本のタイトルの「ゴロツキ」は英語のgangsterからきていて、それは少女の父親の若い頃を指す言葉でした。と同時に、小説の語り手である少女のなりたかったもの、でもありました。ゴロツキとは、ワルで、はぐれ者で、ヤクザだったりするわけですが、少女の目からは隆々とした光り輝くもの、強さの象徴でもありました。それは父親がアメリカに来て失ったものでした。

主人公の父親はアメリカに来て、若い頃もっていた強さや輝きを失います。
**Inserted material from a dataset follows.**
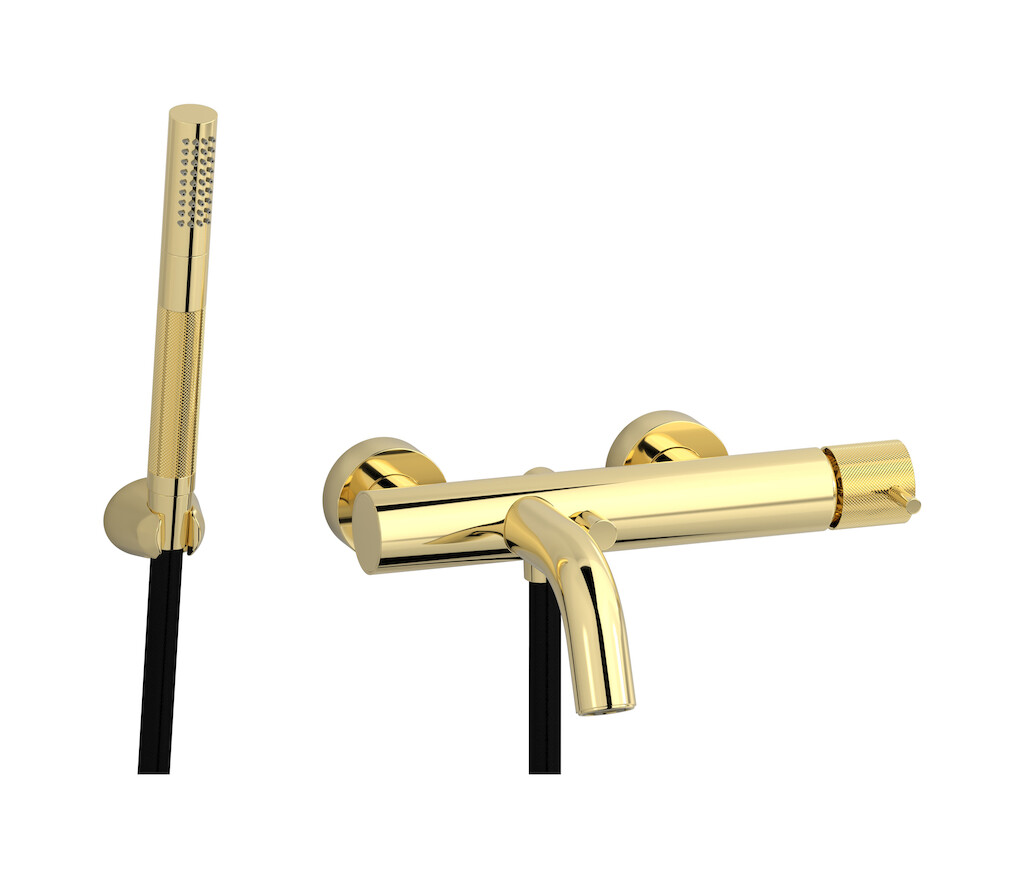 Настенный смеситель для ванной в комплекте с душевым гарнитуром. WE ARE IB id250ii Pale Gold Industria
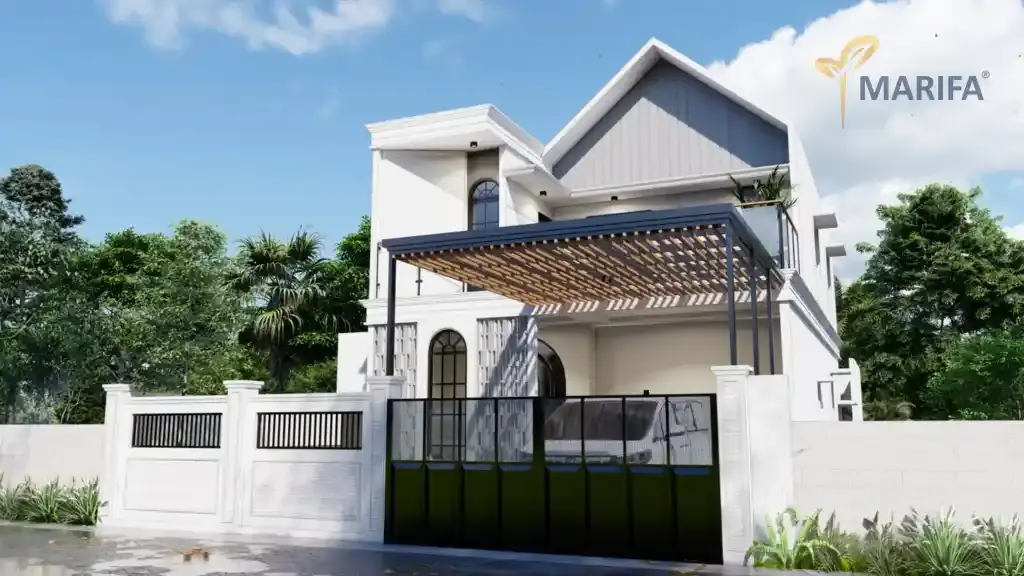 rumah kos pekerja dengan parkir tertata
言葉(英語)ができない、まともな仕事につけない、社会的に誰からも下に見られる、などの理由で自信を失い、生来の自分を保つことができなくなったのです。そのことが主人公に与えた影響は大きく、痛みともいらだちともつかない心の重荷になっていきます。この物語はある意味、少女の父親の人生を描いたもの、とも受け取れます。

『ゴロツキ』はノンフィクションではなく、小説の形をとっています。おそらく語り難いことをなんとか語る方法として、このスタイルが選ばれたのではないか、と想像します。語るのが困難なことを小説の形を借りて書く、という意味では3にあげたジャマイカの少年ケニーの物語も近いものがあります。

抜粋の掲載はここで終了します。